And for those of you wondering, yes, I can buy regular batteries for the camera, but it eats them at a rate of (no joking) two per 1/2 day. And it sucks the battery juice whether it is on or off. This is not only a major pain in the bum, it is also expensive. So that is why you've not seen pictures if Harrison. That, and I have resorted to regular film and old fashioned f- stop and shutter speed photography, which feels scary and good all at the same time. It will be like getting an unexpeced surprise when we have the film developed!

Sunday, June 4, 2006

Things that make you go OOF

There are moments in the life of every parent that make you scratch your head and say "Huh, they never mentioned that in the baby/toddler books". These are some of our latest head scratching moments:

When we asked Harrison to dance last week he began with his usual foot stomping, arm flailing gig, but then switched things up a bit by adding spins! Yes, the boy does his own version of the pirouette, complete with spotting (whipping his head around so as not to fall over from the dizziness). Now all of his dances include spins, and he is so very pleased with himself for this new capability that when he stops, he actually claps for himself. Imagine, spins!

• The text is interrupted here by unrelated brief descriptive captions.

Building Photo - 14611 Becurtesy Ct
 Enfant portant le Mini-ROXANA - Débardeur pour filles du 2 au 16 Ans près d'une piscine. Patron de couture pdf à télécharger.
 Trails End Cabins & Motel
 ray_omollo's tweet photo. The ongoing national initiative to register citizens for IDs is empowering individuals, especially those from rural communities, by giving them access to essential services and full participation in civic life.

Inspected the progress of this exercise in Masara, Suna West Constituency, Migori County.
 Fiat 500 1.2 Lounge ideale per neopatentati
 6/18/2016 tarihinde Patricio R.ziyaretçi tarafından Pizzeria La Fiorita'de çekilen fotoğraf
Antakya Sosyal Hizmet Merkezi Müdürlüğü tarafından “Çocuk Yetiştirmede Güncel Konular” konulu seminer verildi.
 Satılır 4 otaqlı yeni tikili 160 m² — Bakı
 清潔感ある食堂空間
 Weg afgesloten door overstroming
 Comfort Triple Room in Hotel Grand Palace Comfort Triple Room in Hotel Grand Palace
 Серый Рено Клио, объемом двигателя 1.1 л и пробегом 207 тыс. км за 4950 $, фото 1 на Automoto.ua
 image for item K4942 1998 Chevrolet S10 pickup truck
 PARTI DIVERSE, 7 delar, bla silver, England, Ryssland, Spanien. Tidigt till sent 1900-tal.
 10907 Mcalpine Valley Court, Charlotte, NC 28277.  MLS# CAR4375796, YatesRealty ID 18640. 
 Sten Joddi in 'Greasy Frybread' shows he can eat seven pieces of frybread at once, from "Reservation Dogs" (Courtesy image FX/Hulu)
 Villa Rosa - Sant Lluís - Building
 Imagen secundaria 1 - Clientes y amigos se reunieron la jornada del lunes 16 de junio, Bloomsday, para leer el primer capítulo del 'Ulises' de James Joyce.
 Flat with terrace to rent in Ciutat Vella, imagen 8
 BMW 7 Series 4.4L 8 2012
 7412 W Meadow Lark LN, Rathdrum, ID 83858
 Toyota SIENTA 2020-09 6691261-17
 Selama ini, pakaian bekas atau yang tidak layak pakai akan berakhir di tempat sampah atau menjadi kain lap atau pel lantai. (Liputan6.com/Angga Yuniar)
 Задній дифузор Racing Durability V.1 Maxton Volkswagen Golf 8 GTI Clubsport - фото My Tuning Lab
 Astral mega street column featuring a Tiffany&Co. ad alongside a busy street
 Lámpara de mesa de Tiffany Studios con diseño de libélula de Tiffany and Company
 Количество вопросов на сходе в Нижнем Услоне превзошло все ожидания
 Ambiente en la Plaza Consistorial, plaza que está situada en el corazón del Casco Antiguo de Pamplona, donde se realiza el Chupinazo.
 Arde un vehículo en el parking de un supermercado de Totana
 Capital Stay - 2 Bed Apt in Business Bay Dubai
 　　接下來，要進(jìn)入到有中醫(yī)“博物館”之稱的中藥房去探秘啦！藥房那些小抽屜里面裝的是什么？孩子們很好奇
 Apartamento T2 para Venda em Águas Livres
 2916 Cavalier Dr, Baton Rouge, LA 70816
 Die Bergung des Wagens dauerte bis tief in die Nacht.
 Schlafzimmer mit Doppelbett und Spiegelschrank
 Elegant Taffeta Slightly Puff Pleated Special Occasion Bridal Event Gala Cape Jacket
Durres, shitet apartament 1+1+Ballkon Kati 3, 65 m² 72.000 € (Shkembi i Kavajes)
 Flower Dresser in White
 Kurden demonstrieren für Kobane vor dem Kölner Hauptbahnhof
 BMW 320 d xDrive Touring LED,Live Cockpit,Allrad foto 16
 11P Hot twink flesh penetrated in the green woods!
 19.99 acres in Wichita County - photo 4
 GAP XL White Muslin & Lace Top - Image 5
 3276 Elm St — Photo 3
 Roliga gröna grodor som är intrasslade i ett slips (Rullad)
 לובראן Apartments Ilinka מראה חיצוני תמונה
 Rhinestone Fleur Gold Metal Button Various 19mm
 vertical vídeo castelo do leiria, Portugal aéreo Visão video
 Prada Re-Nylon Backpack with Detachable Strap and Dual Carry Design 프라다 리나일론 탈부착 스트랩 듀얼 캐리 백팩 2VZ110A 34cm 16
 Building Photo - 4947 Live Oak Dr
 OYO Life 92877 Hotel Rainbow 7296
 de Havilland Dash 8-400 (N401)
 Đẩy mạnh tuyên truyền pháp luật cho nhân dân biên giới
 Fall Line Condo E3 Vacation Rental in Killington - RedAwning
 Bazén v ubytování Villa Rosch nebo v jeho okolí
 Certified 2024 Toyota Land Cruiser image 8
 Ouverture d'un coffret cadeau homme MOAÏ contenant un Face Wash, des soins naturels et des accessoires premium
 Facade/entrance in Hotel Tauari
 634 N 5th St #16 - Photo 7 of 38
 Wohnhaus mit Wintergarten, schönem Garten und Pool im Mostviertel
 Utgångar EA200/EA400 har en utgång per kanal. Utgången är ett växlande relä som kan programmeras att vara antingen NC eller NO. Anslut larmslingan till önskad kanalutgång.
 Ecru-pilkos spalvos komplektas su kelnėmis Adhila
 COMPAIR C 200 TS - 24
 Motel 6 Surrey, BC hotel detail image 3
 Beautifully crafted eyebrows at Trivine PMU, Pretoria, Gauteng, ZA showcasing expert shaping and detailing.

I was cooking dinner two nights ago and Brendan was watching Harry. We looked away for no more than a moment, and in that moment Harry scaled one of our dining room chairs and climbed onto our dinner table. He was starting to stand up and walk around when we both looked up and spotted Spider Baby. Gah! I have no surfaces left upon which to store my clutter!

Harry's vocabulary increases daily, it seems, but he in addition to new words ("Ickick" for Isaac, "Gahmom" for Grandma, and "MmmMmm" when something is tasty) he has also learned a few new sound effects. His new favorite sound effect is "OOF". OOF if it is hard to get onto the couch, OOF if he stumbles and falls, OOF if he strains to reach something he is not supposed to have, and OOF if his toy car runs into the wall. Now the funny thing is, neither Brendan nor I tend to say OOF. I don't think I have ever said it, in fact. Does this mean he made it up?

And lastly, Harrison cracks himself up and he thinks his buddy Isaac is quite a comedian, too. When he thinks something is especially amusing he actually throws his head back and lets loose the loudest belly laugh I've ever heard from a toddler. It makes me laugh, and when he sees me laughing he throws his head back and laughs some more. This kid surely has a great sense of humor!

Oh! And he says "vroom vroom" when pushing his toy car around. How cute is that?